Dissecting Google's Billion Word Language Model Part 2: Convolutional Filters

Last week I showed some visualizations of character embeddings in Google’s recently released neural language model. This post will be about the next stage in the pipeline - convolutional filters.

I put together some (ugly) visualizations of convolutional filters here (use the links at the top to see filters of other widths).

If you don’t know what you’re looking at, this article has a pretty lucid explanation of convolutional nets and their application to natural language processing. If you want to know more about the overall architecture of the lm_1b model, my previous post has a brief overview and links to the relevant papers.

Observations

Overall, the filters are surprisingly (and disappointingly) hard to interpret. When I was playing with character-level RBMs, I made a similar visualization of feature detectors for an RBM model trained on GitHub repository names: the Hidden Unit Zoo. Among those feature detectors, there were a lot of pleasantly interpretable ones (there are links to a few dozen of them at the top of the Zoo).

One reason the weights alone are less interpretable in this case is that there’s a lot more noise. lm_1b is not a generative model over characters, so there’s no downward pressure on implausible weights. For example, the model is not penalized for having filters with high weights on the ‘end of word’ character at position 0. It will never see an input string having that character at the first position, so its weight doesn’t matter (but may still be driven up because of the proximity of its character embedding to other characters).

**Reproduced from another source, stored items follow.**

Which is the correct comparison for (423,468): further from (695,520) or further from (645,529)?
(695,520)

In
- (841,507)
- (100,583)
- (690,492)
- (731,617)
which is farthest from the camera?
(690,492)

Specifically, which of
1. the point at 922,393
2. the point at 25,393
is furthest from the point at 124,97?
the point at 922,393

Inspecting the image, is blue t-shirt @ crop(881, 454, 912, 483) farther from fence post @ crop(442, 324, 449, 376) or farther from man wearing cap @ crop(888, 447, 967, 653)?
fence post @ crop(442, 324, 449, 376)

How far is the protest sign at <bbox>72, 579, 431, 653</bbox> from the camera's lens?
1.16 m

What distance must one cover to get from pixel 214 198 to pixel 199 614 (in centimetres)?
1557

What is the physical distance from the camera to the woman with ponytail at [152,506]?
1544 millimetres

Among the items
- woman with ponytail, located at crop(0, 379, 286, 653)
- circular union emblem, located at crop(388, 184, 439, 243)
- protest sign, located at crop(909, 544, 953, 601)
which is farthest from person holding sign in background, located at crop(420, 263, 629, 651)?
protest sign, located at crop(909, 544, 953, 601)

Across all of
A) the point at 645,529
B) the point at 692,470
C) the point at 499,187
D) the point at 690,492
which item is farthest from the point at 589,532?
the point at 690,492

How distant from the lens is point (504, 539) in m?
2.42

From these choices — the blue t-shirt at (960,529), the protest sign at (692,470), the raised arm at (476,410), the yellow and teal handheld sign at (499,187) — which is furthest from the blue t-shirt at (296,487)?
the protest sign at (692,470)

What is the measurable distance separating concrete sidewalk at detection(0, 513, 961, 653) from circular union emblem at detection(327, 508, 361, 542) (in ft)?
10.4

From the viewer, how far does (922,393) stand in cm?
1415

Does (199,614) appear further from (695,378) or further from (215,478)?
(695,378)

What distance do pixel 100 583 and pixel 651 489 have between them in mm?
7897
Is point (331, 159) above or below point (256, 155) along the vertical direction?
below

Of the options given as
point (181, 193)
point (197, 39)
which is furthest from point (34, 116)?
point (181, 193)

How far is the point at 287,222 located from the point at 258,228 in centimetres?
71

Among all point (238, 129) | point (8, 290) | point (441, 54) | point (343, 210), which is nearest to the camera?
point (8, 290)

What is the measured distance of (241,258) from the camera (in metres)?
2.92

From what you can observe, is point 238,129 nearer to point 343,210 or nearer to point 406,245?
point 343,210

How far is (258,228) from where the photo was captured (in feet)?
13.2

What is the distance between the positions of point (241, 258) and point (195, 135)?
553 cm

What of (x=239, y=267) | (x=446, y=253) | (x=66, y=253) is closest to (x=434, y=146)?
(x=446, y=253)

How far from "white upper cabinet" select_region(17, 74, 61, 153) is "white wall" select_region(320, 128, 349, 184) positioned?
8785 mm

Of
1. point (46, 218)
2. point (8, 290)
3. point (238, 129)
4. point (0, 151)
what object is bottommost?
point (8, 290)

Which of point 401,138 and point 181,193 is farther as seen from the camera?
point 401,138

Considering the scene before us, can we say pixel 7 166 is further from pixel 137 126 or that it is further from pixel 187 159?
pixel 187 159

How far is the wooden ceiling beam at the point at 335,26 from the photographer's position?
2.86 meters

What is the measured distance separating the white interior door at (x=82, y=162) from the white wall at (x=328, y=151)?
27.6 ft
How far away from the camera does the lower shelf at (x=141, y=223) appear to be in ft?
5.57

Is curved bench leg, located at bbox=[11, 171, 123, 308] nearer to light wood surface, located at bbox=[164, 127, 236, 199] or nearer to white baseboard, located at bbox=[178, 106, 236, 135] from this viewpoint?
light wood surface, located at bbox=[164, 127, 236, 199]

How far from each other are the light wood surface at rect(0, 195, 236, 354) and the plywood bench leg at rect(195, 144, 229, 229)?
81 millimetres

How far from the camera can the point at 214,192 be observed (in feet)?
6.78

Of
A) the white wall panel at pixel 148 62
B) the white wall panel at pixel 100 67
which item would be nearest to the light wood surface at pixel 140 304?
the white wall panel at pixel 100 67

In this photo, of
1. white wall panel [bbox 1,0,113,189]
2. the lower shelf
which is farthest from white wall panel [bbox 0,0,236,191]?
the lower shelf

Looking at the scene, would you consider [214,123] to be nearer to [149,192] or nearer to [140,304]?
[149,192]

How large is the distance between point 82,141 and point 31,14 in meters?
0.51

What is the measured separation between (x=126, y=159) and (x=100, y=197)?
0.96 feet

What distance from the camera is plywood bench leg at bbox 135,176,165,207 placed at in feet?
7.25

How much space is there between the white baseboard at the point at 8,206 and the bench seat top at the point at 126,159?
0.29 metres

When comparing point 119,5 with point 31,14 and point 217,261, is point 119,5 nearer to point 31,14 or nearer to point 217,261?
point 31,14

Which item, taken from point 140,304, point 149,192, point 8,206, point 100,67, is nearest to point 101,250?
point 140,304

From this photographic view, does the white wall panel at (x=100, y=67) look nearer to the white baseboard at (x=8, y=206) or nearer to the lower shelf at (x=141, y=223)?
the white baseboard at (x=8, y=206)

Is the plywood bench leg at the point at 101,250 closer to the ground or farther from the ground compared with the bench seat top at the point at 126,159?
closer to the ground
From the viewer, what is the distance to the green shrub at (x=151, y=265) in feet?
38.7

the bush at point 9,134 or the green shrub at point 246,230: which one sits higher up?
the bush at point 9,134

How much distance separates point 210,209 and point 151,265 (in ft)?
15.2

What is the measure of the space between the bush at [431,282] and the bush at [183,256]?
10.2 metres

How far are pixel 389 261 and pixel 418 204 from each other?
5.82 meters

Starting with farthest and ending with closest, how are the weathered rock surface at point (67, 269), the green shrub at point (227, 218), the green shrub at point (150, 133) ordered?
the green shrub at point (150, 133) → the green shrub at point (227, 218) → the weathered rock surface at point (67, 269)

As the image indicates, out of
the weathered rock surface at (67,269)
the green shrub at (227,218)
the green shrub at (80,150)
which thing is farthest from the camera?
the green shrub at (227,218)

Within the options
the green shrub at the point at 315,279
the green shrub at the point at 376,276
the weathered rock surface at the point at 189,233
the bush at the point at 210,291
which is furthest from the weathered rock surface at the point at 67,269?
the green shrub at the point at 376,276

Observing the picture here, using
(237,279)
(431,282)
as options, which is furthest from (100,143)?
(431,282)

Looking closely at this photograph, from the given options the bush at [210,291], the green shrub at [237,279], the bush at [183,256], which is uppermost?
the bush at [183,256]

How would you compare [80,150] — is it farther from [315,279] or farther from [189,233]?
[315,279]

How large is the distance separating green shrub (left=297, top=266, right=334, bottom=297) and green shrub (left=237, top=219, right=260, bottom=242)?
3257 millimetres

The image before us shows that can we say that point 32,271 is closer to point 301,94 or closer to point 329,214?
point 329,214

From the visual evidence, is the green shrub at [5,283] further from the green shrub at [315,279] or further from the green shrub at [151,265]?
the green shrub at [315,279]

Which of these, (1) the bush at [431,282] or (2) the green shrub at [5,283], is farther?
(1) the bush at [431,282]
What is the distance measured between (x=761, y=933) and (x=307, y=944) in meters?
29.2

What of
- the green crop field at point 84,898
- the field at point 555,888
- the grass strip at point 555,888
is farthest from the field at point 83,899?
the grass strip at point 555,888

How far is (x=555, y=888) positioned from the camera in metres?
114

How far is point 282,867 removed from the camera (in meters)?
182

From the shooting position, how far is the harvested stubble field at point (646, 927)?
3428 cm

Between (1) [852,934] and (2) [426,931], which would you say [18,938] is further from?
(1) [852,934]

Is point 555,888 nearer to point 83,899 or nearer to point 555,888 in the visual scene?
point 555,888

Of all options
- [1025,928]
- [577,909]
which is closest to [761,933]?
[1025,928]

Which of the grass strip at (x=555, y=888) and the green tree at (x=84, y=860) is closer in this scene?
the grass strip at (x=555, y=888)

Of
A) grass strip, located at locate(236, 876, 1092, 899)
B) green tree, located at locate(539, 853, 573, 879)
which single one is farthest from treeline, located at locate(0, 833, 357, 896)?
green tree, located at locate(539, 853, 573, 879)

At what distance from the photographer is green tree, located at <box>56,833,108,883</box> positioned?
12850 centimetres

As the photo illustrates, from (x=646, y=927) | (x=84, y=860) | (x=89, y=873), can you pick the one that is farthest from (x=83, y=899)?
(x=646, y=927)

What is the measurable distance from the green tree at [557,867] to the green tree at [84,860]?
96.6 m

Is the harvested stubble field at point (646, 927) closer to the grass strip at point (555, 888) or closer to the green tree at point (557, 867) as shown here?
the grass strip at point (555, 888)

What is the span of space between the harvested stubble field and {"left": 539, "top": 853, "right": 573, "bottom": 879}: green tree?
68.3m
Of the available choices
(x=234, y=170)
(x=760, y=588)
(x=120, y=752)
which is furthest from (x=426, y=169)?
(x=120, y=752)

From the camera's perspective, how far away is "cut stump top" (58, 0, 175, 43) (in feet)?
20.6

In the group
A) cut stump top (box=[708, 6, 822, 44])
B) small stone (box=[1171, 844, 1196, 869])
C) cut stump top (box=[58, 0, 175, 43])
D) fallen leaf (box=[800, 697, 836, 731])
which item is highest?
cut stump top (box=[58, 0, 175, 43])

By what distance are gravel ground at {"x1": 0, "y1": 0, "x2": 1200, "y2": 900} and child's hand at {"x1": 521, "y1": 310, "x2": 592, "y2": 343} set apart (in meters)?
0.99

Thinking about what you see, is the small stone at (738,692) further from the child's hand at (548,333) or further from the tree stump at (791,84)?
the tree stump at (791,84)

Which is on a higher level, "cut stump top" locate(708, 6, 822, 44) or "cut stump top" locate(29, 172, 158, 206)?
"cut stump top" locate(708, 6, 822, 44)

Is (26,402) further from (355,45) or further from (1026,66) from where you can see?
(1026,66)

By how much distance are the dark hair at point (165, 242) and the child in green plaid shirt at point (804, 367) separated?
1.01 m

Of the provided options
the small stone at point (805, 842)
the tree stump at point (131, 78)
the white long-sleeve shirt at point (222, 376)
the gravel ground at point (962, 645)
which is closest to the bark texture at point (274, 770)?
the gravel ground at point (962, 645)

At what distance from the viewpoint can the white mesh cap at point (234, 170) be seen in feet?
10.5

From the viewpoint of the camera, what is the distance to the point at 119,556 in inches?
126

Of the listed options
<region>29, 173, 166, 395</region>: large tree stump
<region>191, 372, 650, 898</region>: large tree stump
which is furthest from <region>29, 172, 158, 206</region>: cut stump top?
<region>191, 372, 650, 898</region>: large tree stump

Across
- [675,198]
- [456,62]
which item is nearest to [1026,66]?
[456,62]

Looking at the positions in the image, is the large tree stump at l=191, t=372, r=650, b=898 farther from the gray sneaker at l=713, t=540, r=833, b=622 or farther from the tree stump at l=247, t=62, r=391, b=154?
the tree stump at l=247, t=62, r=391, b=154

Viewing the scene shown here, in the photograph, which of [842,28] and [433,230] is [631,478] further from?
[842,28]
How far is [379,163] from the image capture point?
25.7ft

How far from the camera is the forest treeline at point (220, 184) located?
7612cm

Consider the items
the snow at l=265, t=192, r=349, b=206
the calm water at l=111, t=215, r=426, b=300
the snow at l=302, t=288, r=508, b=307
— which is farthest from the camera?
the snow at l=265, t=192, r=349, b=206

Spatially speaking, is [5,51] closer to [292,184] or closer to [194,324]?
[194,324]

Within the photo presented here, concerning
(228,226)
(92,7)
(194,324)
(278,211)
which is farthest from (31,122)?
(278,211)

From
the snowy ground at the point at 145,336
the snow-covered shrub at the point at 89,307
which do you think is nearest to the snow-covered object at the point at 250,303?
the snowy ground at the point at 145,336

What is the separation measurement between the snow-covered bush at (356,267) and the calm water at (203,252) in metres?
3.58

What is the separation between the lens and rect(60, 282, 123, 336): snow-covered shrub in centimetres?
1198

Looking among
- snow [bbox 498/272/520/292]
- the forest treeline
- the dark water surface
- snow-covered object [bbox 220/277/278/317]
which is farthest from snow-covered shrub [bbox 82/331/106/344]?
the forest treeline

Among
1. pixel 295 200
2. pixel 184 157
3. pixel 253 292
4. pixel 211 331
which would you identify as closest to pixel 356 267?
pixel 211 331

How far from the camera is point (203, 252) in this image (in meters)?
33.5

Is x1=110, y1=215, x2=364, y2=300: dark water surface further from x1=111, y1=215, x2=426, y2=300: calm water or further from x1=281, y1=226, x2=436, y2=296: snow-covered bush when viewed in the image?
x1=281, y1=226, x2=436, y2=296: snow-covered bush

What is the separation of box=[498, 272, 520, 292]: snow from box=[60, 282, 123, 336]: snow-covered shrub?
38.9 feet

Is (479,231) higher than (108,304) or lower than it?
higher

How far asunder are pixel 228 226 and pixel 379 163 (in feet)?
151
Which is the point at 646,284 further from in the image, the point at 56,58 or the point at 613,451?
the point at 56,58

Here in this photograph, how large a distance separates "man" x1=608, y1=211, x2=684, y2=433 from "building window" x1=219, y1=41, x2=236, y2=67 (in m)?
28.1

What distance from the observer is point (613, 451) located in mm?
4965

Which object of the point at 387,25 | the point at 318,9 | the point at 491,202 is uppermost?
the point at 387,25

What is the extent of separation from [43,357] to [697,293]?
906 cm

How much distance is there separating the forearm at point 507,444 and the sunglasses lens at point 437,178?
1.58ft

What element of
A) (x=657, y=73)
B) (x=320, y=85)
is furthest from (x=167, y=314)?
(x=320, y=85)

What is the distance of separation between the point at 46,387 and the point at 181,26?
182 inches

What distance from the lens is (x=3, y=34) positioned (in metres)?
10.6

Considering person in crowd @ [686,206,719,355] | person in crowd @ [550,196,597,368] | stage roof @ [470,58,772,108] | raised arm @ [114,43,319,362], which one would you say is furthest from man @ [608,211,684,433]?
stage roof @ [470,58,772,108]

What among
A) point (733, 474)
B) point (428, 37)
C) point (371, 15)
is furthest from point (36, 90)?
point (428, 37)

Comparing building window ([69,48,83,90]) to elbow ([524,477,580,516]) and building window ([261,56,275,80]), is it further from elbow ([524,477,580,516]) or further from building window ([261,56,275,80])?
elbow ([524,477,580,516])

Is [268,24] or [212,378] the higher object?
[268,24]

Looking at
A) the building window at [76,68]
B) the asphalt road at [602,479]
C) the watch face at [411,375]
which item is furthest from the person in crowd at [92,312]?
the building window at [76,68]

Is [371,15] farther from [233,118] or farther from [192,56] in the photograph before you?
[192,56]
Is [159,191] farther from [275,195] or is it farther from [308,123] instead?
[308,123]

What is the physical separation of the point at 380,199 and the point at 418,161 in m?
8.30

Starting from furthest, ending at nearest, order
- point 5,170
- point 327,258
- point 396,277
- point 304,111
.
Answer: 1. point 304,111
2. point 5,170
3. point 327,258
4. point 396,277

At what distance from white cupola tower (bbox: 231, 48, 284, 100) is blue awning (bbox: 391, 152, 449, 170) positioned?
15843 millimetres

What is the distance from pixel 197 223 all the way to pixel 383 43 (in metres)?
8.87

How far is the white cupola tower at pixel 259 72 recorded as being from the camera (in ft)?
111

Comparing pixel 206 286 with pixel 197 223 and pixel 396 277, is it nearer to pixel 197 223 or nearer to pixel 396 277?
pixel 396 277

In fact, this kind of thing happens a lot (but I’ve ommitted from the visualizations weights on characters in positions in which they logically can’t appear).

This filter matches words like "overwhelming", "when", "whole", and "world". But you probably wouldn't know that from looking at the weights ("wFQl"?).

But even ignoring the weights and just looking at the top words per filter, there’s usually not much cohesion. And I’m honestly not sure why. Whatever the model is doing, it inarguably works, it’s just disappointing that it eludes tidy description.

A few good filters

Here are a few filters that struck me as at least a little interpretable or interesting:

1-17 seems to be dead. It has no weights with magnitude above the bias of -0.08. Curious! (1-5 also looks dead, but is actually just highly selective. It has a weight of 0.1 on the byte with decimal value 230, but I excluded most non-ASCII bytes from the tables for readability.)
1-29: ‘k’ detector. Many of the width-1 filters only activate for one or two characters.
3-54 has a high affinity for years
4-107 gives high scores to ^\d\d-, in words like “25-year-old”, or “30-year”.
5-5: first halves of hyphenated words. (Note the size of the weight on the hyphen in the last position relative to all the other weights.)
5-30: proper nouns. Very high weights on capital letters in position 1, but not in the other positions. (Also, the most significant negative weights are on lowercase letters in position 1).
5-47: sports scores?

Most filters seem to be non-zero for around 10-20% of words. Generally the most interesting filters tend to be on the lower end of that (i.e. more selective). Also, lower width filters tend to be more selective (width 1 filters fall around 0-10%).

Nitty gritty details

The lm_1b model uses a total of 4096 convolutional filters. The distribution of filter widths is:

1: 16
2: 32
3: 64
4: 128
5: 256
6: 512
7: 2048

I just showed up to the first 128 filters for each filter width.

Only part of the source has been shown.